Feeling the first drops of rain on your forearm may not be an instance you think about too often. You might have however, experienced others announce that it’s raining as they first feel those cold few drops on their skin. Since you would have felt a few drops of your own, you’d likely have already known that information. If not, then you feeling those droplets is simply a circumstance bound by time.
Individuals who announce that it’s raining when everyone else can tell it is, assume an educational role in the social circle they’re in. After confidently announcing that it’s beginning to rain after feeling a few drops, they’d be susceptible to proposing alterations to plans or actions.
A principal assumption they make in such instances, is that they’re the first ones to feel those few droplets of rain. By being vocal about something others most likely feel, see, and realize too, these individuals unintentionally hint that their observation matters more by advertising it.
By their perception, their obvious observation would be the one which needs to be heard.
In actuality, the people who announce it to be raining are not unveiling any new information to those who listen. They do however, encourage responses in others which they may not predict. The simple and innocent act of announcing what’s obvious to others may hurt them more than it aids.
This article hopes to use the example of announcing that it’s raining to dissuade you from announcing things everyone else can see.

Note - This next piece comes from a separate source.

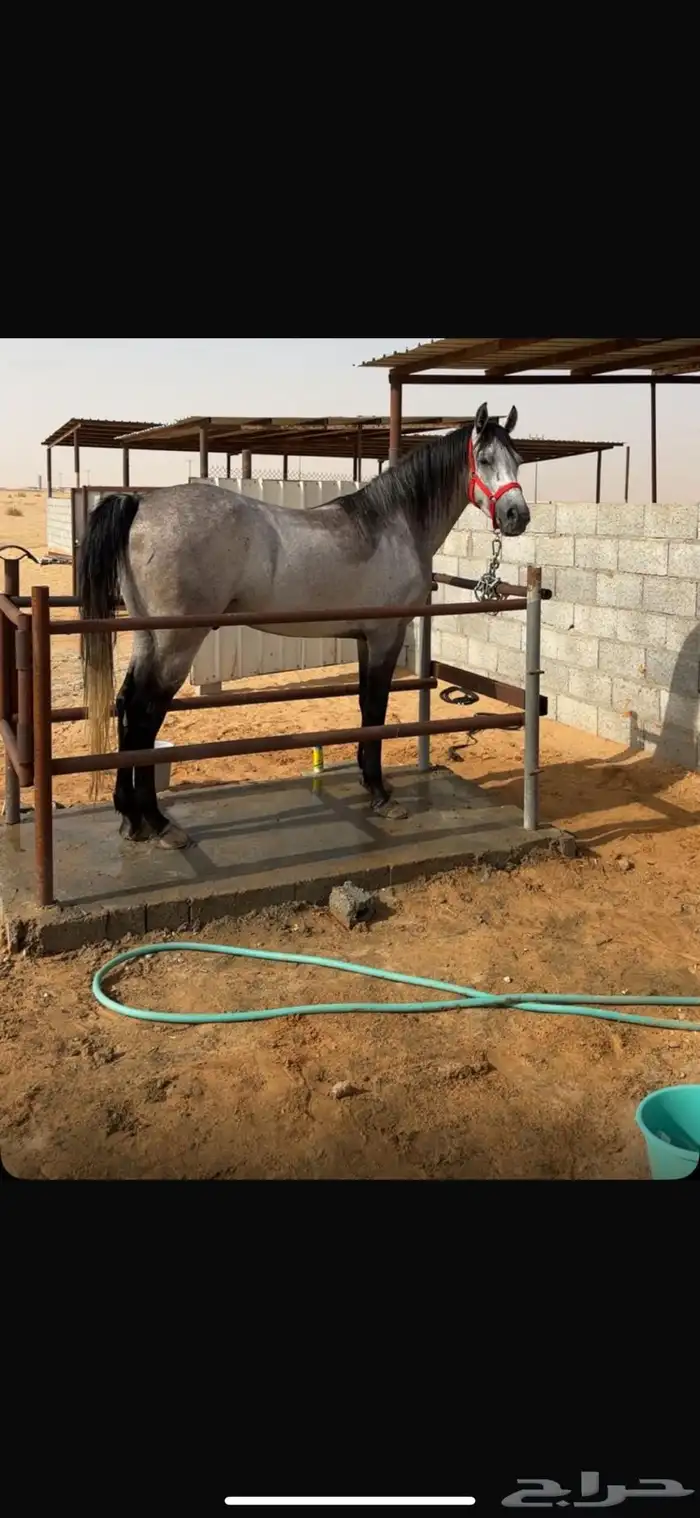 حصان جزيري بيور سبق 1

When everyone else has the same access to evidence that you have, it seems best to not assume that you’re the first to observe that evidence. Not adopting a leadership role based on such an obvious observation seems to also be in your best interest.
Other Examples of Obvious, Universal Observations
Prior to continuing, it may be helpful to list a few examples of when people are enticed to prematurely announce observations based on limited, but publically accessible, evidence:
- “We should wait a half hour prior to leaving as traffic is probably terrible right about now.”

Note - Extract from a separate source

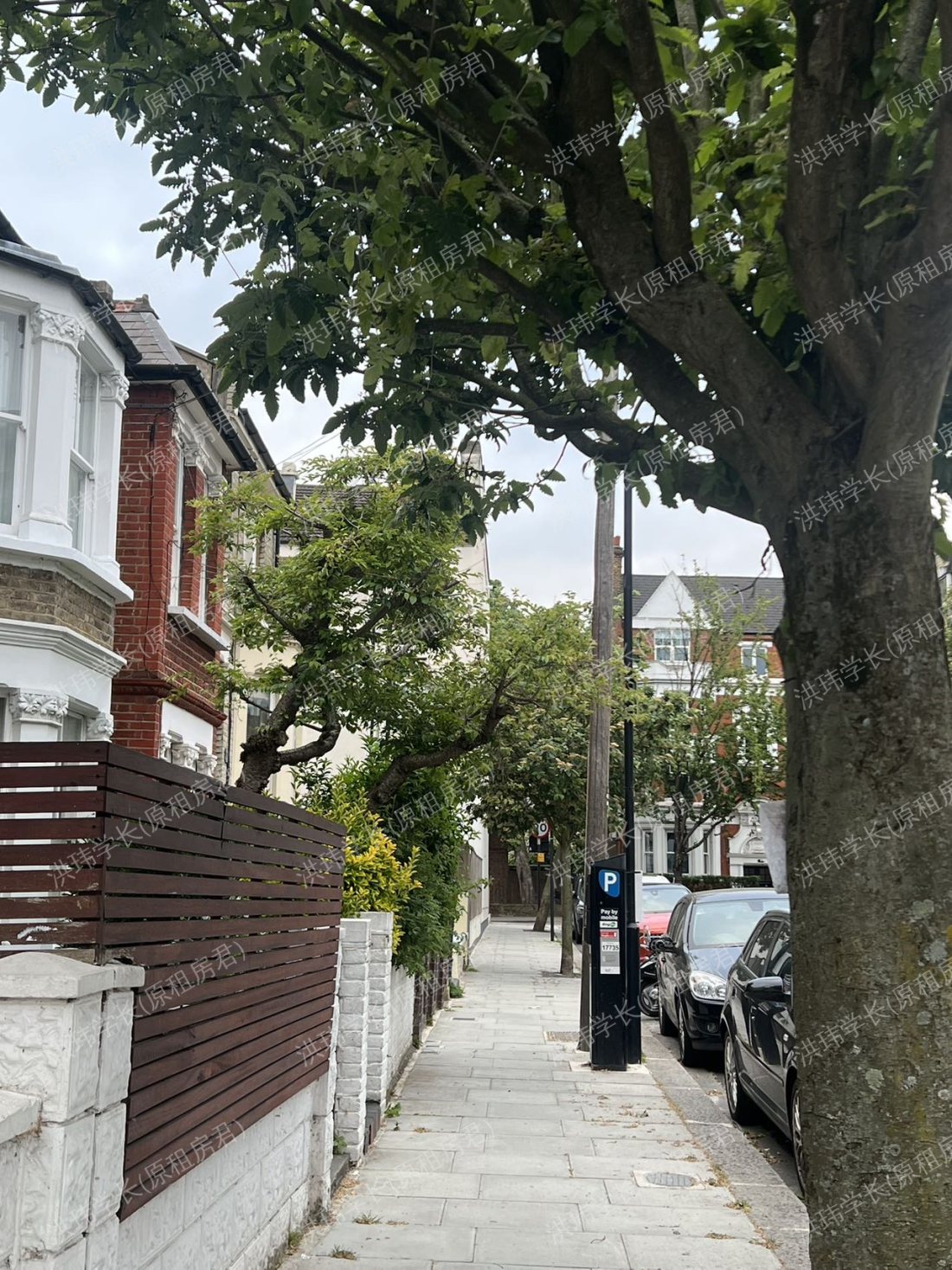 56 Davisville road，小Loft公寓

- “We’re going to be standing in this line for a long time. Look at how it bends around the street corner!”
- “There goes that bus, we just missed it, and it looks like we need to wait a while for another one.”
- “The sun’s setting; we won’t have enough time to mow the lawn in full today.”
The structures of the examples above all have two things in common. The first is the announcement of an obvious happening, event, or observation. The second thing they have in common is a proposed action based on the observation they’ve voiced.
Telling Them What They Already Know
By voicing your observation about it raining – or about the queue at the local burrito place being long – you insinuate that others haven’t realized that same fact. In doing so, you serve to undermine their observational skills. You’d be taking a cheap path toward having your observations be listened to, as well as leaving your listeners unimpressed with what you have to say.
You’d be saying something redundant and inconsequential. Often times, if the instance is widely seen as a negative one (long queue), you’d serve to exacerbate the negative internal dialogue which goes on in the minds of others around you.
Advertising your observation that it’s raining when others obviously know it is, encourages a reputation of not having a sense of importance to everything you say. Your act of stating the obvious too many times will develop a habit of not taking your word to be important in others.
People don’t enjoy being told what they already know without any sort of additional value tagged on. In an effort to show you that they already know the information that you’re presenting to them, their responses may not be those which you expect.
Taking the Reins You Haven’t Earned Control Of
Often times, your announcement of rain coming down is an effort to inform and guide others toward a plan which accounts for the rain coming down. In your attempt to infuse the role you hold in your social circle with leadership, you’d be enticed to use the obvious fact of it raining to introduce the ideas you have surrounding it.
You’d start off with, “Looks like the rain just started coming down,” in a perhaps uninformative attempt to introduce yourself as someone with ideas. As others pitch in with their thoughts on it raining, you’d have opened up an opportunity for you to suggest the following: “Maybe we should sit it out at that pizza place over there.”
Though the idea to sit out the rain may be a good one, your uninformative introduction would likely cause you more harm than good. Though it is a relatively minute detail in the social interactions you have with others, telling people being rained on that it’s raining does not entice them to acknowledge you as someone who has anything enlightening to say afterward.
Your good ideas which come later are slightly hurt when you state the obvious as an introduction to them.
Jump to the Idea, Not the Observation
If you have an idea surrounding the fact that it’s raining, the sun setting, or you missing the bus, jump to it right away. Assume that the ones around you know and understand the obvious happenings your good ideas are birthed from.
In your presentation of the action you propose people take, your act of skipping the obvious would make those around you feel understood. It would be an easy chance for you to communicate that you think similarly to those who are around you. You’d be providing new, unique, pieces of information surrounding the obvious event(s) in question.
People will be enticed to listen, as they too, would be mulling over the obvious on their own. They’d also be thinking of potential solutions for the fact that it’s raining. You’d be supporting them on their goal to figure out what to do in the face of rain rather than taking their attention back to the fact that it is, indeed, raining.